- RAW DATA
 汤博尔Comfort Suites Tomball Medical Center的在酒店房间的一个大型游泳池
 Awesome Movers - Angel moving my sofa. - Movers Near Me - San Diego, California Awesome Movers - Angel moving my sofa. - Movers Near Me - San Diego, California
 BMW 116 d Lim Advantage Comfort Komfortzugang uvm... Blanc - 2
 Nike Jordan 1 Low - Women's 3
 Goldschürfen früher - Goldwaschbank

- ASSIGNMENT
Go through the listing and transcribe all of it exactly.

- REPLY TO THE TASK
 汤博尔Comfort Suites Tomball Medical Center的在酒店房间的一个大型游泳池
 Awesome Movers - Angel moving my sofa. - Movers Near Me - San Diego, California Awesome Movers - Angel moving my sofa. - Movers Near Me - San Diego, California
 BMW 116 d Lim Advantage Comfort Komfortzugang uvm... Blanc - 2
 Nike Jordan 1 Low - Women's 3
 Goldschürfen früher - Goldwaschbank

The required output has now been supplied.